I'm just back from a wonderful trip to Washington, D.C. Not only do I have lots of new information for my own research projects, I also have lots of new material for this blog. After talking with several of the reference specialists at NARA and reading all the material on the status of the Library of Michigan, I've decided that my Madness Monday blogs are going to cover some of the problems that make me angry, not those ancestors who drive me mad. If you have not read about the potential decimation of the wonderful Library of Michigan, Shirley Gage Hodges' article, Crisis Facing the Library of Michigan, is an excellent starting point.
I've always loved researching at the Library of Michigan. The building is beautiful, there is ample parking, and the collection is amazing. I love their microfilm newspaper collection. None of the online newspaper sources come close to the coverage provided at the Library of Michigan. When I visit, I frequently spend two days working through the newspapers alone! Their website, Michigan History, Arts & Libraries, could serve as a model for many states. What will happen if this Michigan treasure is decimated? Michigan's governor expects to save about two million dollars per year. I don't know how many out-of-state researchers go to Lansing each year, but if one assumes approximately ten each week spending five days in the library and archives, all spending what this fiscally conservative blogger does on a research trip, the state of Michigan will lose about one million tourist dollars per year. Where is the savings here? The state will also lose a lot of prestige in research circles that include librarians and historians, as well as genealogists.
What does it mean for genealogists? Even assuming all the material is preserved - and that is still in question - it's likely to be scattered among several repositories, the bulk perhaps going to the MSU library. Although my experience is limited, I can't say I've been completely happy with some of my research trips to areas that have done this. Here are two examples.

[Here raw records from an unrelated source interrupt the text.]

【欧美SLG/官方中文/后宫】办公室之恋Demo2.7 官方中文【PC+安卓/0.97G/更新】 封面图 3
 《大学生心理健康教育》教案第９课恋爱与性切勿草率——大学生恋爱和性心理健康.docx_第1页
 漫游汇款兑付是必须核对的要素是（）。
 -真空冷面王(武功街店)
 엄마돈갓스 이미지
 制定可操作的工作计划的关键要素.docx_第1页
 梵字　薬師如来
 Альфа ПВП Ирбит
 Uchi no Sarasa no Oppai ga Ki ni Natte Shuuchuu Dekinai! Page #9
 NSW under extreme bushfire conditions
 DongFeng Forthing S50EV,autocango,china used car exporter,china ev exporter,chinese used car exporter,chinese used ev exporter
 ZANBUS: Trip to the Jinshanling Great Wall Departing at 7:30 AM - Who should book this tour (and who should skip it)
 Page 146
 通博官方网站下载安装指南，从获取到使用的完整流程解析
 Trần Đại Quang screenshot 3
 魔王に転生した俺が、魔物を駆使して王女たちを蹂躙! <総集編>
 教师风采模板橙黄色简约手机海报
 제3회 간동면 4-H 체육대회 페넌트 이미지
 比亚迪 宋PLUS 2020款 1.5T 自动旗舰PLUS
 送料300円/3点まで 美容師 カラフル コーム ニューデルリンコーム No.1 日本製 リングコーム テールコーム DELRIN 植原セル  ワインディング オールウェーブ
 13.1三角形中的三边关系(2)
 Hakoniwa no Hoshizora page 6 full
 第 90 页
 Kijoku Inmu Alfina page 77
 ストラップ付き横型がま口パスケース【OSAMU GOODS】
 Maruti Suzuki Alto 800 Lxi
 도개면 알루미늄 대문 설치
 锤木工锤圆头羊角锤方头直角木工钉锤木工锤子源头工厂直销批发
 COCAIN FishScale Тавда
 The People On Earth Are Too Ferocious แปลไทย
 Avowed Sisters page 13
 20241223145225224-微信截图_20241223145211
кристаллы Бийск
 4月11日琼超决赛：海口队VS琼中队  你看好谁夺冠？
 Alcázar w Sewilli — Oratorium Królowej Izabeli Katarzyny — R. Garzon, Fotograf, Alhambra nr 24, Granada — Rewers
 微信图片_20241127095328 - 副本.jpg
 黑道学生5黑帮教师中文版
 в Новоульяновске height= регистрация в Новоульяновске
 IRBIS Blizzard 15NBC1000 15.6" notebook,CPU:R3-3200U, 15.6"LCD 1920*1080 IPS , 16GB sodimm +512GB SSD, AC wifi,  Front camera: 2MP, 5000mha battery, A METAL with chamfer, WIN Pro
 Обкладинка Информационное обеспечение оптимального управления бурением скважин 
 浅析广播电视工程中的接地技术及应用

Original records in Wisconsin can be found in various Area Research Centers. I planned a research trip to Grant County, Wisconsin, several years ago. Of course, I did a lot of homework before I went. Given the fact that the Area Research Center for this region is housed in the University of Wisconsin-Platteville, I expected - and got - less than perfect parking. I wrote ahead for more details about the hours of access and asked questions about some collection specifics. The response gave me the incorrect hours and incomplete information on the collection specifics. The actual hours were much fewer than my informant stated, and I discovered that some of the resources I requested were actually located at two other Area Research Centers. Reference services varied depending on the person present, and some of these people were less than knowledgeable about the holdings. After two days, I decided my time might be better spent on another project at the Minnesota State Archives, so I headed to Minneapolis for the rest of my vacation.
Not too long ago, I was able to spend a brief time on my Madison County, Kentucky, problems. Rather than heading to Frankfort for the day, I decided to visit the collection at the Eastern Kentucky University library archives in Richmond. Given the limited time I had, this was not a bad decision. I might have found it frustrating, though, if I were spending a week at that repository. Parking was abominable, I knew more about the collection than the first reference provider I spoke to, and the hours were very limited. There was only one microfilm reader providing access to the valuable county records, but fortunately, I was the only visitor interested in those records. Of course, my perception was also colored by the fact that it was absolutely pouring the entire day and my planned cemetery visit was washed out.
Historical records are extraordinarily diverse, and those responsible for preserving these records and providing access are respected scholars in their own right. The citizens of Michigan and the professionals at the Library of Michigan deserve better from their elected officials. I can't be in Lansing on Wednesday to participate in "Hands Around the Library," but like thousands of researchers, I'll be thinking of everyone there.